Ja nie oceniam, kto ostatecznie miał rację, no bo...

- Jasne, ale ja też przypominam...

...w oczywisty sposób Lech Kaczyński miał rację w tej sprawie, ale rozbieżność była.

- Ja też przypominam, że został powołany sztab, przypominam spotkanie sobotnie, wtedy kiedy rozpoczął się konflikt gruziński w sobotę rano, kiedy ustalono działanie wspólnego sztabu, sam w części miałem okazję w tym uczestniczyć, był wspólny sztab, była jednolita polityka. Nawet jeśli były takie oceny na poziomie werbalnym nieco inne, ale Polska prezentowała absolutnie jednolite stanowisko.

Powiem więcej – to jest jeden z tych przykładów, który powoduje, że dzisiaj jesteśmy zdumieni. Bo kiedy rząd dzisiaj mówi, że ma jakiś kłopot, kiedy pan premier mówi, że nie potrzebuje prezydenta, to są straszne słowa, tak w Polsce nie można mówić o urzędzie prezydenta.

„Powiem brutalnie: nie potrzebuję pana prezydenta”, tak.

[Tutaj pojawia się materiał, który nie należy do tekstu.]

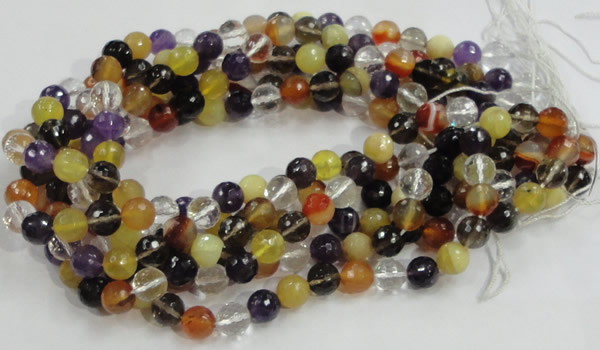 CMQ33 15.5 inches 10mm faceted round multicolor quartz beads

- To są słowa w moim przekonaniu głęboko nieprzemyślane i bardzo szkodliwe dla państwa. Dlaczego tak sądzę? Ano dlatego, że wtedy kiedy prezydent właśnie w tym momencie, kiedy pan mówi, współdziałał z rządem, politycy wypowiadali się na różnych tonach, powiedzmy, ale ja pamiętam – sztab był jeden i sukces polskiej dyplomacji w ten pierwszy weekend polega właśnie na tym, że minister spraw zagranicznych działał na poziomie ministrów spraw zagranicznych, że i inni urzędnicy na swoich szczeblach, wszystko to koordynowane przez prezydenta i premiera przyniosło konkretny sukces, że stanowisko Polski miało duży wpływ na stanowisko Unii Europejskiej.

Z kolei media donoszą...

- A dzisiaj słyszymy, że prezydent jest niepotrzebny Polsce?